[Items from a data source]
▬▬▬▬▬▬
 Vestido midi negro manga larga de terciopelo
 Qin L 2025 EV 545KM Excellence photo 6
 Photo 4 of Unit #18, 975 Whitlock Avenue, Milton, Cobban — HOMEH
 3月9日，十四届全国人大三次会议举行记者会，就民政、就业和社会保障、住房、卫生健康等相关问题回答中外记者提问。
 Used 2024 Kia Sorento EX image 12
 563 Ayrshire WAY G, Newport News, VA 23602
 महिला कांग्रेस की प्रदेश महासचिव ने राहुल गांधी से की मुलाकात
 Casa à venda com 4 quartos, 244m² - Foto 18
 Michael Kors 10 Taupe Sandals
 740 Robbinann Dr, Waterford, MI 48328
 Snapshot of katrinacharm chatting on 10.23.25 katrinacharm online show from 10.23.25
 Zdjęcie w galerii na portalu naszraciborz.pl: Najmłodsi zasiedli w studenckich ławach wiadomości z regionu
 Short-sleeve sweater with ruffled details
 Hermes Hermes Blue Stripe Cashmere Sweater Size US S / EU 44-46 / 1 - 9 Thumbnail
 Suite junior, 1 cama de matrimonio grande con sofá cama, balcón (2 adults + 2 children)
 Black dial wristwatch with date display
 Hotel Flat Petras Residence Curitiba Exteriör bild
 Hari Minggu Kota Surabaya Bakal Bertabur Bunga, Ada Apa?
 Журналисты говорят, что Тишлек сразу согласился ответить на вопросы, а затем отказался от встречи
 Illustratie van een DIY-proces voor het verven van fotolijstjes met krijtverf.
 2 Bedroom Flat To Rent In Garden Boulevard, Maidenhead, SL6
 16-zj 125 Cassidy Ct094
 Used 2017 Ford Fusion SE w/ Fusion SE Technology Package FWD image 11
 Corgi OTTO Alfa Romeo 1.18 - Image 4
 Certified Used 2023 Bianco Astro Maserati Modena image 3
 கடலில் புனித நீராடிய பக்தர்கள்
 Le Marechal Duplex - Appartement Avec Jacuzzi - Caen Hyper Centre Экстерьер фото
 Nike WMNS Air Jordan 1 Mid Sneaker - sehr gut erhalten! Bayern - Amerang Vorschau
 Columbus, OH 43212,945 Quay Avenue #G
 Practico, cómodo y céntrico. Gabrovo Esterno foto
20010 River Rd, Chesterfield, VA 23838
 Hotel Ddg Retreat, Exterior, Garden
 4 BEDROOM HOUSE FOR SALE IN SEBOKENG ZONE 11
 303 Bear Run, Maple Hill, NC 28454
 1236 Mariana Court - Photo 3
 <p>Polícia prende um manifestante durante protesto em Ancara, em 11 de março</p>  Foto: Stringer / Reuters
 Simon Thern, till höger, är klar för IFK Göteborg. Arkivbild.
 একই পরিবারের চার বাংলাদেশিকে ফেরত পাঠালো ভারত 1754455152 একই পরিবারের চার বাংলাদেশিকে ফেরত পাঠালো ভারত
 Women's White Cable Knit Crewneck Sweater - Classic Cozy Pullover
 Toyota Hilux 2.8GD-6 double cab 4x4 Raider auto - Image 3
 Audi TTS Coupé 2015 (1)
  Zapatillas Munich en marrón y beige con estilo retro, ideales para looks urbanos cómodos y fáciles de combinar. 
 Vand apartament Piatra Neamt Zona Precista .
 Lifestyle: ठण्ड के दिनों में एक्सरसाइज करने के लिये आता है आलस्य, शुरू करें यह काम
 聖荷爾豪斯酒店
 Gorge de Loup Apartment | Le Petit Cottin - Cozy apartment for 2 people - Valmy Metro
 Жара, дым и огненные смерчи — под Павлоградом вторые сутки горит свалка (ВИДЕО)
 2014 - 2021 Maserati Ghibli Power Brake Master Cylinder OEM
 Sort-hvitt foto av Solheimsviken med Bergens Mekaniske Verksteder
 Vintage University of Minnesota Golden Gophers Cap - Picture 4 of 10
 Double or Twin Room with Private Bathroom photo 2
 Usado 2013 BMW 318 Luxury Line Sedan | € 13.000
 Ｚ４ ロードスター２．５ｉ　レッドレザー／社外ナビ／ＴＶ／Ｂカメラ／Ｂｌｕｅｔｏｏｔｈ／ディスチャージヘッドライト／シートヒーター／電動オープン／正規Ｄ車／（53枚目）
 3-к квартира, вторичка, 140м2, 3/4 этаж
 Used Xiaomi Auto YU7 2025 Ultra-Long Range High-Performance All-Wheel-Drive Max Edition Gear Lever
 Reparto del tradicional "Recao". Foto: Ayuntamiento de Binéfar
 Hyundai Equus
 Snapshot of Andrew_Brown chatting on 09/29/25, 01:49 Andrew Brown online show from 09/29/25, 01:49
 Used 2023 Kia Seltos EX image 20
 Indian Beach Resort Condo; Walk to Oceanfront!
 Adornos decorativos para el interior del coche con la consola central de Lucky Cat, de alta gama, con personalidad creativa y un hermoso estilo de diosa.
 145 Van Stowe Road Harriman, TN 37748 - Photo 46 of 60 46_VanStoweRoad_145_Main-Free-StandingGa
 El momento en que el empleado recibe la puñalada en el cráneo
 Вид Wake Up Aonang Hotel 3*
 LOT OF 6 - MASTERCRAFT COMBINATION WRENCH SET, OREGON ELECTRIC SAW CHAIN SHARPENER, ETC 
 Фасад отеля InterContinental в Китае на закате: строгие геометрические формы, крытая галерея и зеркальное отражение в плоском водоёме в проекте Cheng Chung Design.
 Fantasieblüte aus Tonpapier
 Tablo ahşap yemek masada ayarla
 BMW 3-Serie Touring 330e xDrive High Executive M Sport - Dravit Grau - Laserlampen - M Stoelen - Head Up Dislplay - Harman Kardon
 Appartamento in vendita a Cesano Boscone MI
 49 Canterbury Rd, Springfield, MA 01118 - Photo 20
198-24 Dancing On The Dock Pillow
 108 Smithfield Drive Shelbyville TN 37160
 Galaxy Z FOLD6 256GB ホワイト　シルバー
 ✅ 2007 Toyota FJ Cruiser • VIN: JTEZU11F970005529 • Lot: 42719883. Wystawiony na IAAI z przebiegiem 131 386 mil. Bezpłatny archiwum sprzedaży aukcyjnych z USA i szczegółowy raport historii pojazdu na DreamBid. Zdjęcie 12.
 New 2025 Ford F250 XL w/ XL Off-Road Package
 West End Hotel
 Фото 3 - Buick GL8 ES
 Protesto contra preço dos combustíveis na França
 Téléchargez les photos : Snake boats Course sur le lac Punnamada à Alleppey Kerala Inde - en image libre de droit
▬▬▬▬▬▬
● **Work to be completed**: Now write the data shown above out again, word for word.

● **Exercise output**:
 Vestido midi negro manga larga de terciopelo
 Qin L 2025 EV 545KM Excellence photo 6
 Photo 4 of Unit #18, 975 Whitlock Avenue, Milton, Cobban — HOMEH
 3月9日，十四届全国人大三次会议举行记者会，就民政、就业和社会保障、住房、卫生健康等相关问题回答中外记者提问。
 Used 2024 Kia Sorento EX image 12
 563 Ayrshire WAY G, Newport News, VA 23602
 महिला कांग्रेस की प्रदेश महासचिव ने राहुल गांधी से की मुलाकात
 Casa à venda com 4 quartos, 244m² - Foto 18
 Michael Kors 10 Taupe Sandals
 740 Robbinann Dr, Waterford, MI 48328
 Snapshot of katrinacharm chatting on 10.23.25 katrinacharm online show from 10.23.25
 Zdjęcie w galerii na portalu naszraciborz.pl: Najmłodsi zasiedli w studenckich ławach wiadomości z regionu
 Short-sleeve sweater with ruffled details
 Hermes Hermes Blue Stripe Cashmere Sweater Size US S / EU 44-46 / 1 - 9 Thumbnail
 Suite junior, 1 cama de matrimonio grande con sofá cama, balcón (2 adults + 2 children)
 Black dial wristwatch with date display
 Hotel Flat Petras Residence Curitiba Exteriör bild
 Hari Minggu Kota Surabaya Bakal Bertabur Bunga, Ada Apa?
 Журналисты говорят, что Тишлек сразу согласился ответить на вопросы, а затем отказался от встречи
 Illustratie van een DIY-proces voor het verven van fotolijstjes met krijtverf.
 2 Bedroom Flat To Rent In Garden Boulevard, Maidenhead, SL6
 16-zj 125 Cassidy Ct094
 Used 2017 Ford Fusion SE w/ Fusion SE Technology Package FWD image 11
 Corgi OTTO Alfa Romeo 1.18 - Image 4
 Certified Used 2023 Bianco Astro Maserati Modena image 3
 கடலில் புனித நீராடிய பக்தர்கள்
 Le Marechal Duplex - Appartement Avec Jacuzzi - Caen Hyper Centre Экстерьер фото
 Nike WMNS Air Jordan 1 Mid Sneaker - sehr gut erhalten! Bayern - Amerang Vorschau
 Columbus, OH 43212,945 Quay Avenue #G
 Practico, cómodo y céntrico. Gabrovo Esterno foto
20010 River Rd, Chesterfield, VA 23838
 Hotel Ddg Retreat, Exterior, Garden
 4 BEDROOM HOUSE FOR SALE IN SEBOKENG ZONE 11
 303 Bear Run, Maple Hill, NC 28454
 1236 Mariana Court - Photo 3
 <p>Polícia prende um manifestante durante protesto em Ancara, em 11 de março</p>  Foto: Stringer / Reuters
 Simon Thern, till höger, är klar för IFK Göteborg. Arkivbild.
 একই পরিবারের চার বাংলাদেশিকে ফেরত পাঠালো ভারত 1754455152 একই পরিবারের চার বাংলাদেশিকে ফেরত পাঠালো ভারত
 Women's White Cable Knit Crewneck Sweater - Classic Cozy Pullover
 Toyota Hilux 2.8GD-6 double cab 4x4 Raider auto - Image 3
 Audi TTS Coupé 2015 (1)
  Zapatillas Munich en marrón y beige con estilo retro, ideales para looks urbanos cómodos y fáciles de combinar. 
 Vand apartament Piatra Neamt Zona Precista .
 Lifestyle: ठण्ड के दिनों में एक्सरसाइज करने के लिये आता है आलस्य, शुरू करें यह काम
 聖荷爾豪斯酒店
 Gorge de Loup Apartment | Le Petit Cottin - Cozy apartment for 2 people - Valmy Metro
 Жара, дым и огненные смерчи — под Павлоградом вторые сутки горит свалка (ВИДЕО)
 2014 - 2021 Maserati Ghibli Power Brake Master Cylinder OEM
 Sort-hvitt foto av Solheimsviken med Bergens Mekaniske Verksteder
 Vintage University of Minnesota Golden Gophers Cap - Picture 4 of 10
 Double or Twin Room with Private Bathroom photo 2
 Usado 2013 BMW 318 Luxury Line Sedan | € 13.000
 Ｚ４ ロードスター２．５ｉ　レッドレザー／社外ナビ／ＴＶ／Ｂカメラ／Ｂｌｕｅｔｏｏｔｈ／ディスチャージヘッドライト／シートヒーター／電動オープン／正規Ｄ車／（53枚目）
 3-к квартира, вторичка, 140м2, 3/4 этаж
 Used Xiaomi Auto YU7 2025 Ultra-Long Range High-Performance All-Wheel-Drive Max Edition Gear Lever
 Reparto del tradicional "Recao". Foto: Ayuntamiento de Binéfar
 Hyundai Equus
 Snapshot of Andrew_Brown chatting on 09/29/25, 01:49 Andrew Brown online show from 09/29/25, 01:49
 Used 2023 Kia Seltos EX image 20
 Indian Beach Resort Condo; Walk to Oceanfront!
 Adornos decorativos para el interior del coche con la consola central de Lucky Cat, de alta gama, con personalidad creativa y un hermoso estilo de diosa.
 145 Van Stowe Road Harriman, TN 37748 - Photo 46 of 60 46_VanStoweRoad_145_Main-Free-StandingGa
 El momento en que el empleado recibe la puñalada en el cráneo
 Вид Wake Up Aonang Hotel 3*
 LOT OF 6 - MASTERCRAFT COMBINATION WRENCH SET, OREGON ELECTRIC SAW CHAIN SHARPENER, ETC 
 Фасад отеля InterContinental в Китае на закате: строгие геометрические формы, крытая галерея и зеркальное отражение в плоском водоёме в проекте Cheng Chung Design.
 Fantasieblüte aus Tonpapier
 Tablo ahşap yemek masada ayarla
 BMW 3-Serie Touring 330e xDrive High Executive M Sport - Dravit Grau - Laserlampen - M Stoelen - Head Up Dislplay - Harman Kardon
 Appartamento in vendita a Cesano Boscone MI
 49 Canterbury Rd, Springfield, MA 01118 - Photo 20
198-24 Dancing On The Dock Pillow
 108 Smithfield Drive Shelbyville TN 37160
 Galaxy Z FOLD6 256GB ホワイト　シルバー
 ✅ 2007 Toyota FJ Cruiser • VIN: JTEZU11F970005529 • Lot: 42719883. Wystawiony na IAAI z przebiegiem 131 386 mil. Bezpłatny archiwum sprzedaży aukcyjnych z USA i szczegółowy raport historii pojazdu na DreamBid. Zdjęcie 12.
 New 2025 Ford F250 XL w/ XL Off-Road Package
 West End Hotel
 Фото 3 - Buick GL8 ES
 Protesto contra preço dos combustíveis na França
 Téléchargez les photos : Snake boats Course sur le lac Punnamada à Alleppey Kerala Inde - en image libre de droit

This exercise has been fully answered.